In the private sector, where failure is an opportunity to learn, the mantra among the most innovative companies is “fail faster,” because the sooner you learn what doesn’t work, you’re a step closer to knowing what does work. This approach is the opposite of that of the public sector, where failure can pose an existential threat to cherished spending programs. Government plays a fundamental role in mitigating risk, but imposing the public sector’s risk aversion on the private sector’s most innovative companies is to guarantee failure.
This is not to say that there shouldn’t be any form of oversight in venture investing. On the contrary, due diligence is without a doubt an important free market corrective to fraud and unwise fund investment decisions, which is why serious investors the world around make this a core part of their investment decision-making process. At the same time, the reality is that for most early-stage companies, there isn’t that much data to run through diligence. And public blow-ups that have exposed gaps and failures in the traditional due diligence system — such as FTX, Theranos and Juicero — are rare outliers that should not prompt a gross overreaction.

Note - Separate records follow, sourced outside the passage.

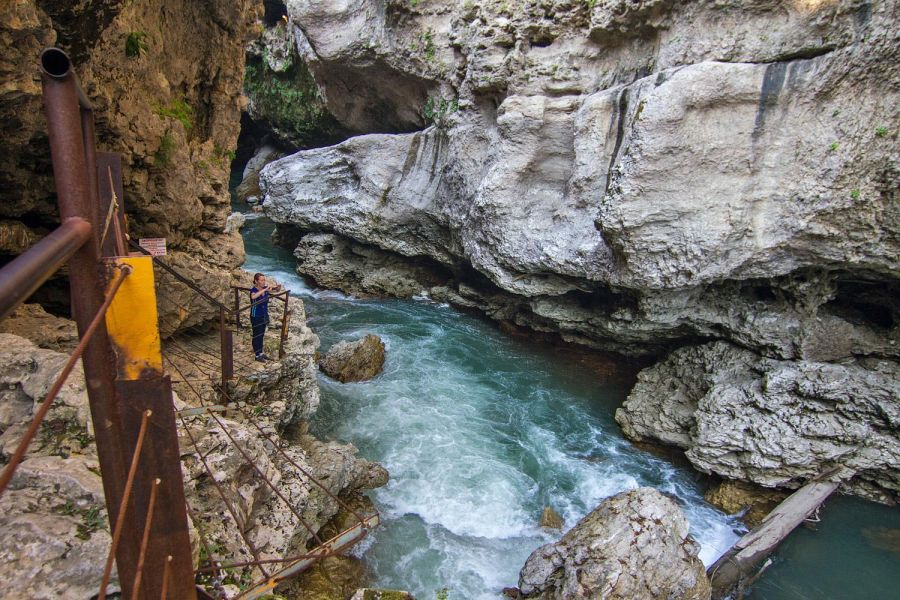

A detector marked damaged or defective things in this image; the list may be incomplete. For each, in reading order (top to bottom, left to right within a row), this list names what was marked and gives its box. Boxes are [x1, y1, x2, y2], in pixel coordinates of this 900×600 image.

rusty metal pipe [0, 214, 90, 318]
rusty steel beam [0, 218, 90, 322]
rusty steel beam [40, 49, 142, 596]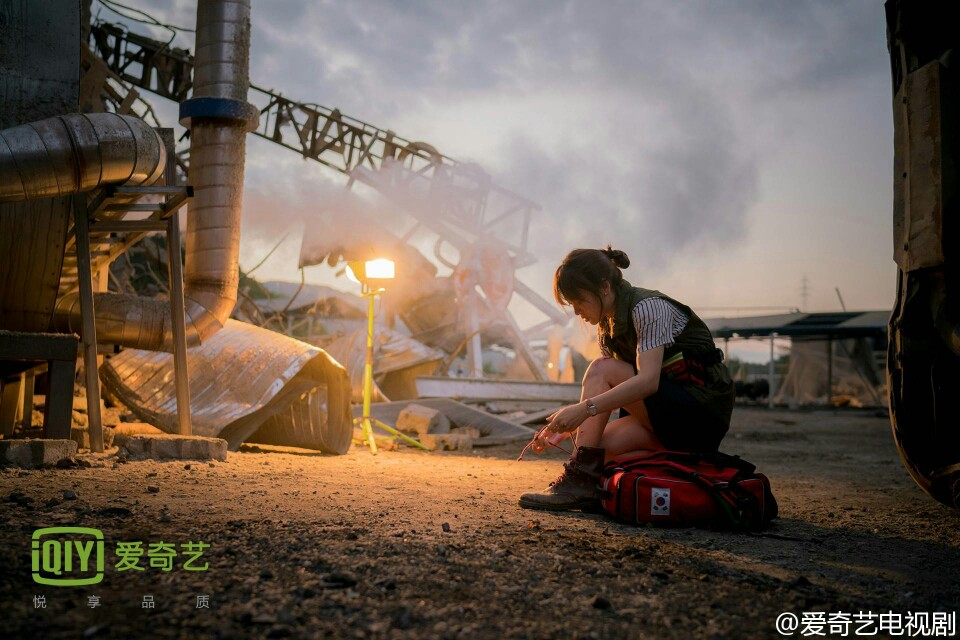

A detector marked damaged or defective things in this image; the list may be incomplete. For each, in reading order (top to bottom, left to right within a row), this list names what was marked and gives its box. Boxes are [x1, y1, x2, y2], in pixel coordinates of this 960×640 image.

rusted metal sheet [100, 318, 352, 450]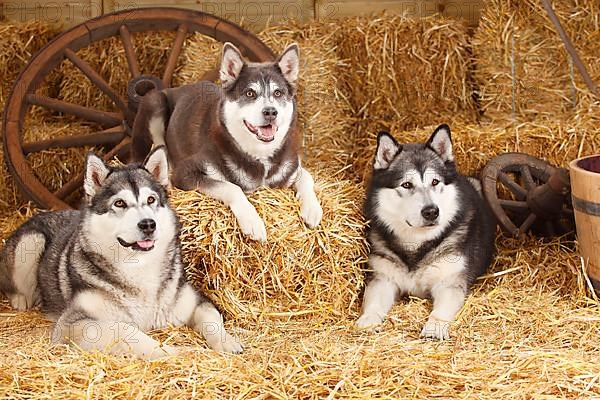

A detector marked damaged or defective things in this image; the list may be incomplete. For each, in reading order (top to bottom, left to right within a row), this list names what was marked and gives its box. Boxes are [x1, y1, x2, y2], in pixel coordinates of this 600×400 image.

rusty metal wheel [1, 7, 274, 211]
rusty metal wheel [480, 152, 576, 236]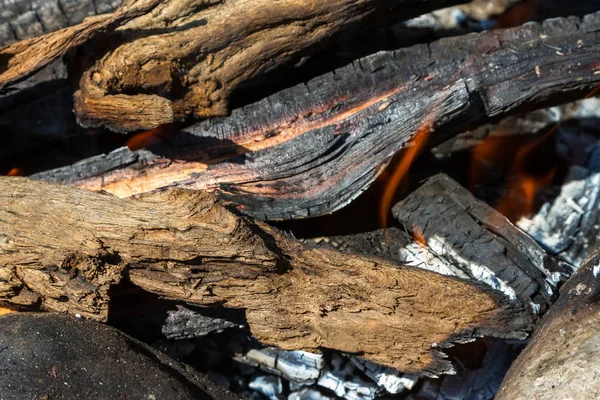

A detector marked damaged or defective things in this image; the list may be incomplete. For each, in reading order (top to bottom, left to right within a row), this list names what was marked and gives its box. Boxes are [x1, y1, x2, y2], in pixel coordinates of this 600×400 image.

burnt wood plank [34, 11, 600, 219]
burnt wood plank [0, 177, 536, 376]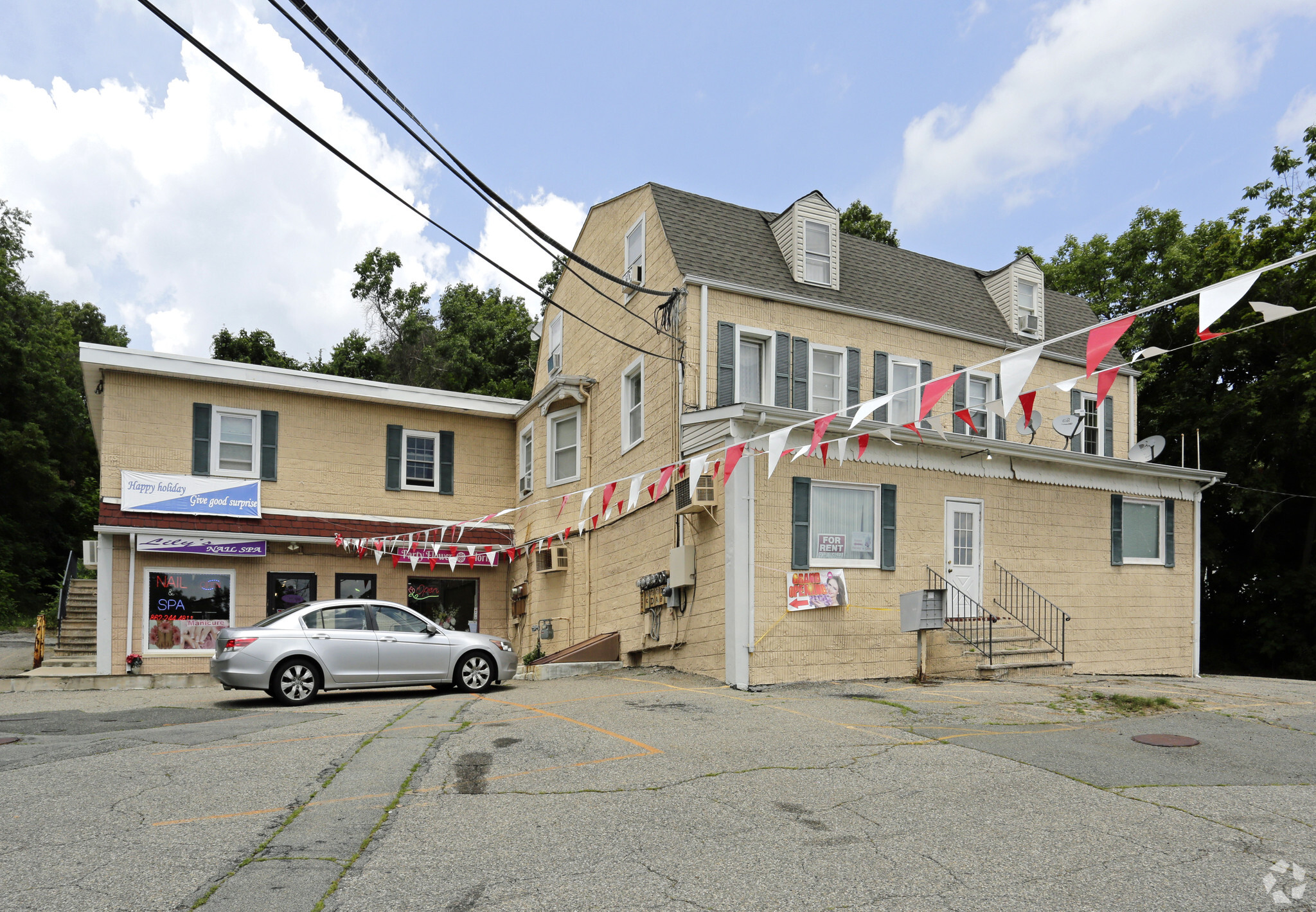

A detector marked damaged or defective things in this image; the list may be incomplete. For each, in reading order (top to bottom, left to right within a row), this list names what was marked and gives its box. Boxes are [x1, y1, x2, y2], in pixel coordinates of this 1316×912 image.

cracked pavement [0, 666, 1310, 905]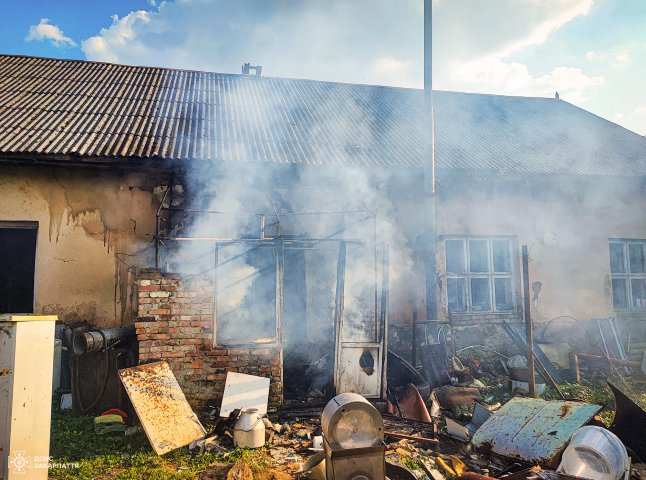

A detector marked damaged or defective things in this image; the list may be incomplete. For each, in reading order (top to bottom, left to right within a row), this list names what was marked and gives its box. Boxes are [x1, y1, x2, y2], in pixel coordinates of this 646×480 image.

burnt wall section [135, 270, 282, 408]
rusty metal sheet [118, 362, 205, 456]
rusty metal sheet [470, 398, 604, 468]
broken plastic container [560, 426, 632, 480]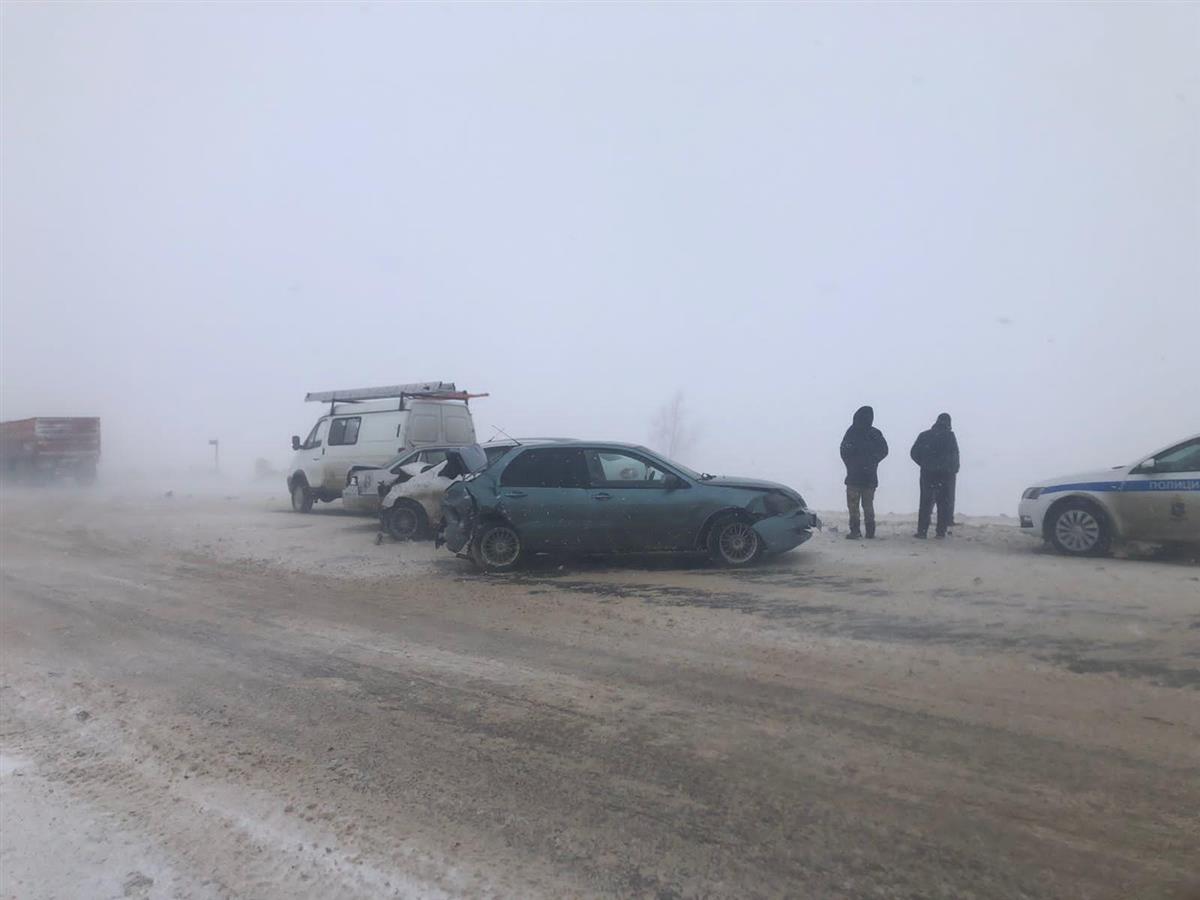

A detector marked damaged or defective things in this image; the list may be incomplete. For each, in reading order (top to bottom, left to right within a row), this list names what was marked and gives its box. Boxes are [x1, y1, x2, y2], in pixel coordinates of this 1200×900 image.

damaged green sedan [436, 441, 820, 573]
broken headlight [763, 494, 801, 513]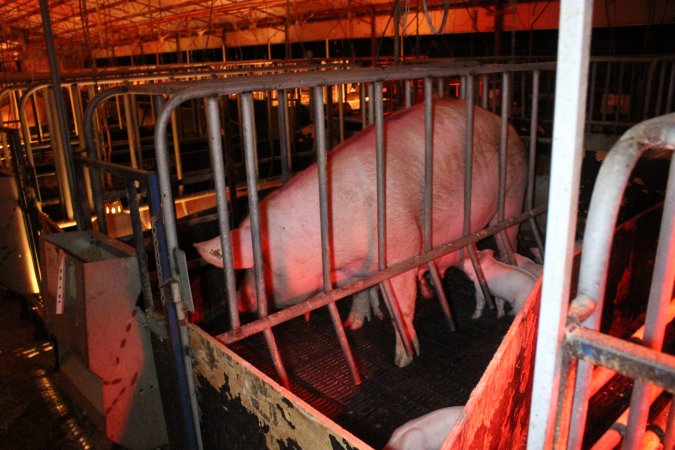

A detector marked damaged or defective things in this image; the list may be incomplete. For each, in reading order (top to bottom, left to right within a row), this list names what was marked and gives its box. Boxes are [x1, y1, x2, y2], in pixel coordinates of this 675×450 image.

rusty metal panel [187, 324, 372, 450]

Venture capital is a unique asset class built around making bets that other institutions would never make. This high tolerance for failure enables brilliant entrepreneurs to pursue research and development spending that otherwise would be impossible to finance. It’s one of our nation’s most potent defenses against central planning and plutocracy, drawing talented entrepreneurs from diverse backgrounds into our tech economy and giving them a shot at hitting a home run.
Innovation and risk go hand in hand. Rules that would punish VC firms for taking risks will kill America’s ability to compete with China.
Nadia Schadlow is a senior fellow at the Hudson Institute and national security visiting fellow at the Hoover Institution, where she specializes in strategic competition. She is a former deputy national security adviser for strategy.